To address these failure patterns, you can implement **confidence scoring** to automatically flag ambiguous layouts for human review—a critical step for high-value transactions. For issues like over-extraction, you can refine your prompts with more specific formatting instructions or provide **few-shot examples** to guide the model toward the desired output structure.

These failure patterns underscore that the goal is not to eliminate human involvement, but to augment it. A successful system reliably handles the majority of invoices, while intelligently flagging complex exceptions for AP specialists to review, allowing them to focus on high-value decisions.

## Next steps and upgrade paths

You've built an invoice processing system that combines Llama's multimodal capabilities to handle real-world document complexity. The two-stage architecture provides a flexible foundation that can be adapted to various industries and scale requirements. Here's how to extend this system for specific business needs and scale requirements.

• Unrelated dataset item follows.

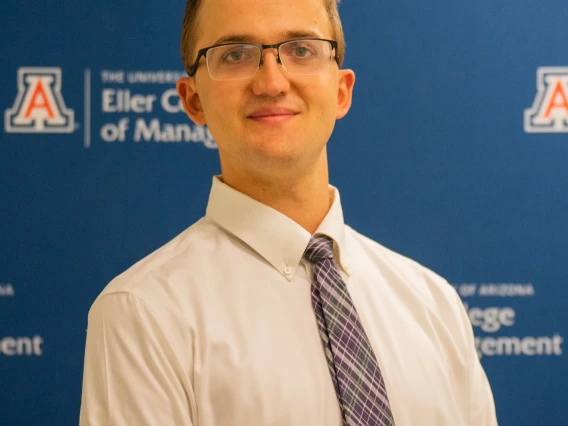 A young man smiling at the camera.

| Invoice Type | Recommended Approach | Why |
|:------------|:--------------------|:----|
| **Simple receipts** (< 10 items) | Stage 1 only | Multimodal extraction suffices for straightforward layouts |
| **Complex invoices** (multiple currencies) | Both stages | Stage 2 enrichment adds critical currency normalization |
| **High-value transactions** (> $10K) | Both stages + confidence scoring | Add verification techniques for risk mitigation |
| **Batch processing** (> 100/day) | Adaptive routing | Use confidence thresholds to route only ambiguous cases to Stage 2 |

### Expanding with production tools

While this tutorial uses currency conversion to demonstrate tool calling, production systems typically integrate high-impact business tools:

**Vendor Validation**: `validate_vendor` checks vendors against approved supplier databases, reducing fraud risk and ensuring compliance with procurement policies.

**Duplicate Detection**: `duplicate_detection` prevents double payments by comparing invoice amounts, dates, and vendor details against recent payment history.

**Budget Approval**: `check_budget_approval` verifies purchases against approved budgets and spending limits, enabling automated approval workflows for compliant transactions.

Each additional tool follows the same pattern: define the tool schema, implement the function, and let the Llama model decide when to use it based on invoice data and business rules.